= 2006 Gaven state by-election =

An Australian by-election was held for the Legislative Assembly of Queensland district of Gaven on 1 April 2006. It was triggered by the resignation of sitting Labor member Robert Poole.

The by-election resulted in the Labor Party losing the seat to National Party candidate Alex Douglas.

==Background==

Robert Poole first came to parliament at the 2001 state election by winning the newly created seat of Gaven. He was subsequently re-elected at the 2004 state election. During his second term, Poole attracted criticism for the amount of time he spent in Thailand, where his wife and children lived. Things came to a head in February 2006 when Poole announced that he'd be spending three months in Thailand to recover from knee surgery. The Opposition demanded a by-election, but Premier Peter Beattie said he was prepared to wait until the beginning of April for Poole to return home. Poole, not prepared to return home early from his trip, announced his decision to resign his seat on 28 February 2006.

==Candidates==

Labor preselected Phil Gray as their candidate to defend the seat. Gray had previously been campaign manager to outgoing member Robert Poole.
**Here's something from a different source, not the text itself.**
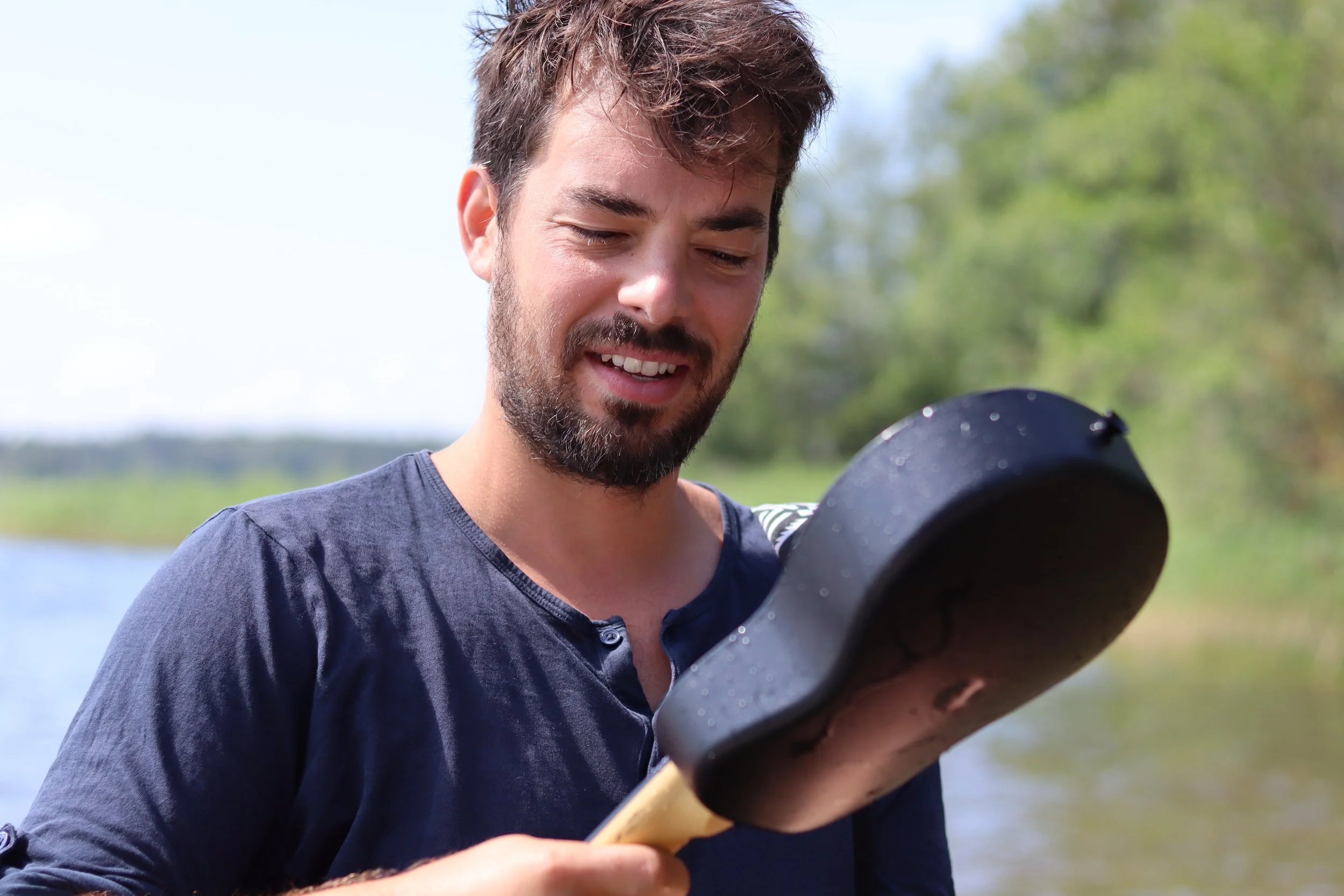 So watcha gonna do? by Åland's side - Finland (sort of)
The Liberal Party—who had been the Labor Party's chief opponent in Gaven at the 2004 election—did not contest the by-election, instead deferring to the National Party due to the coalition agreement that the two parties not stand candidates against each other in the same seat. This attracted criticism from some from commentators who believed the Liberal Party was better placed to win the suburban seat than the rural-centric Nationals. The National Party endorsed general practitioner Alex Douglas as its candidate.

==Results==

National Party candidate Alex Douglas won the seat from Labor Party. It marked the third by-election loss for Labor during the parliamentary term, following on from the 2005 losses in Chatsworth and Redcliffe.

Gaven state by-election, 2006
| Party |  | Candidate | Votes | % | ±% |
|  | National | Alex Douglas | 11,012 | 42.51 | +42.51 |
|  | Labor | Phil Gray | 9,517 | 36.74 | −10.59 |
|  | Greens | Glen Ryman | 2,036 | 7.86 | −0.33 |
|  |  | Daren Riley | 1,982 | 7.65 | +7.65 |
|  |  | Phil Connolly | 683 | 2.64 | −3.14 |
|  | One Nation | Steve Moir | 672 | 2.59 | +2.59 |
| Total formal votes |  |  | 25,902 | 96.44 | +0.66 |
| Informal votes |  |  | 956 | 3.56 | −0.66 |
| Turnout |  |  | 26,858 | 83.55 | −7.14 |
Two-party-preferred result
|  | National | Alex Douglas | 11,807 | 53.35 | +53.35 |
|  | Labor | Phil Gray | 10,324 | 46.65 | −8.31 |
|  | National gain from Labor |  | Swing | N/A |  |

==Aftermath==
Alex Douglas's stint in parliament would prove to be a short one. A general election was called by Premier Peter Beattie later that year where Labor recouped the seat of Gaven, with Phil Gray once again their candidate.

However, the tables turned again at 2009 state election when Alex Douglas, running as a candidate for the newly formed Liberal National Party, defeated Gray in their third contest against one another.